Opened in 2008, The Dirty Dog is one of the premiere destinations in the United States for world class Jazz and cuisine. It combines the charm of an English-style pub with intimacy and meticulous attention to detail and hospitality.
THE DIRTY DOG JAZZ CAFE BLOG
The Dirty Dog brings together the musicians and guests in a way that creates a lasting impression and desire to come back.
June 6, 2018

 

 

 

JazzBlues20's

 

King Oliver’s Creole Jazz Band in Chicago in 1923: Louis Armstrong is kneeling, from left to right behind him are Honore Dutrey, Baby Dodds, King Oliver, Lil Hardin, Bill Johnson and Johnny Dodds.

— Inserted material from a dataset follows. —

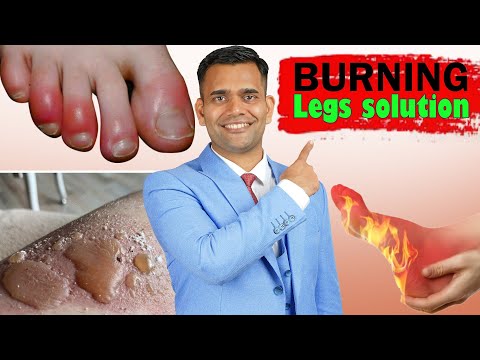 🔥Burning Legs And Burning Feet Treatment and Herbs That Can Help🔥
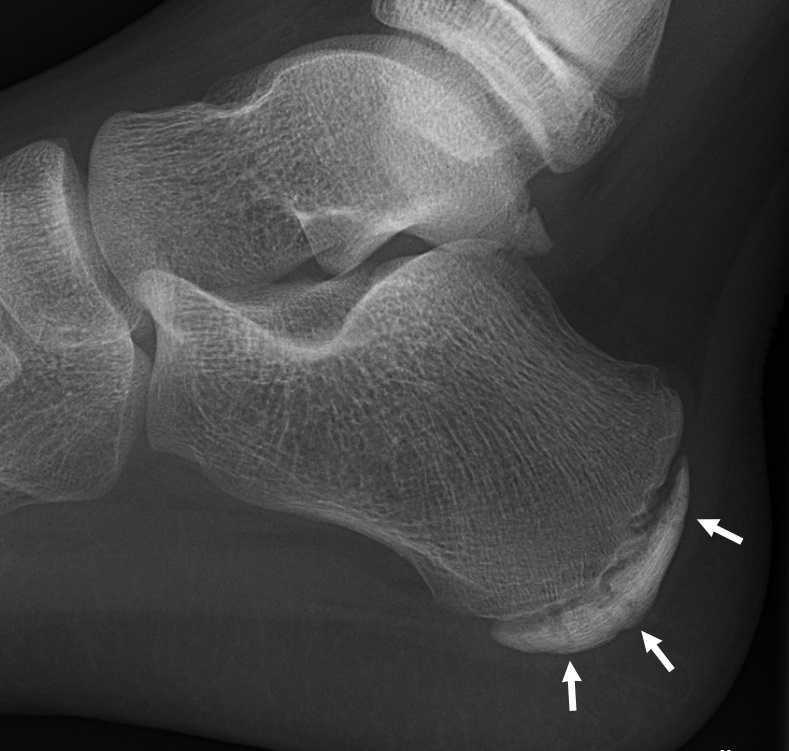 Lateral foot X-ray of an 11-year-old showing sclerosis and fragmentation of the calcaneal apophysis — features sometimes seen with Sever's disease, but with low sensitivity and specificity. The diagnosis is mainly clinical.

Frank Driggs Collection/Getty Images

 

 

Jazz and the blues are two of the most influential music genres the world has ever known. They were born out of the African-American cultural experience. With modern technology and the media, Jazz and the Blues were fortunate enough to “go viral” with the advent of radio and records nearly a century ago.

 

 

They influenced the creation of most modern musical forms including R&B, Rock, Country, Funk, Hip Hop, contemporary Classical and more. All of these cross-cultural genres, except for Classical, were born in America. Many of their defining elements, however, came from blending various cultural traditions that originated elsewhere. This is very common, as almost all music is “fusion” when you think about it.

 

 

With its unique syncopated, lilting rhythms, instrumentation and blues based sonorities, Jazz quickly established itself as a major musical art form in Europe, Central and South America, and Asia. Countries with a fervent Jazz scene today include France, Spain, Canada, Norway, Sweden, Denmark, Brazil, Cuba, Puerto Rico, Indonesia, Japan, Italy, and of course the U.S. .

 

 

As we’ve mentioned in the past, innovative European Classical composers such as Rachmaninoff, Ravel, Stravinsky, Debussy, Satie, were all fans of Jazz, and the Blues. Many of them deliberately sought Jazz out while visiting and performing in America in the early part of the 20th century when Classical music was exploring new territory and Jazz was an exciting new artform getting a lot of attention.  You can hear it’s influence in their music – especially the rhythms and use of the Blues scales which were built upon the ancient pentatonic scales primarily from Africa.

 

 

The famous World’s Fairs from the late 19th and early 20th centuries adopted specific cultural themes, featured cultural exchanges from various countries around the world. This exposed the “creative class” to these new and emerging musical and artistic art forms before radio and records came along, spreading music across the world.

 

 

For the first time in human history musicians were able to hear authentic performances of world music from a multitude of cultures as they displayed their ancient traditions on centuries old traditional instruments. All of this had a tremendous effect on Jazz and other emerging genres.

 

 

Just think had it not been for the invention of mass communication and the invention of radio and records we’d be stuck in the 19th century – music and all. Today there are more than three thousand Jazz clubs worldwide in more than 100 countries.

 

 

America should feel proud to recognize and embrace Jazz as a major component of its cultural identity and its unique gift to the world with its ever growing direct and indirect influence on most modern musical forms.

 

 

 

 

 

Detroit Public Radio mainstay, Judy Adams, is a pianist, composer and musicologist who hosts a Jazz and contemporary music show on CJAM 99.1FM and guest hosts on WRCJ 90.9FM. She made her mark at WDET 101.9FM (NPR), where she was Director of Programming and daily on-air music host for more than 30 years.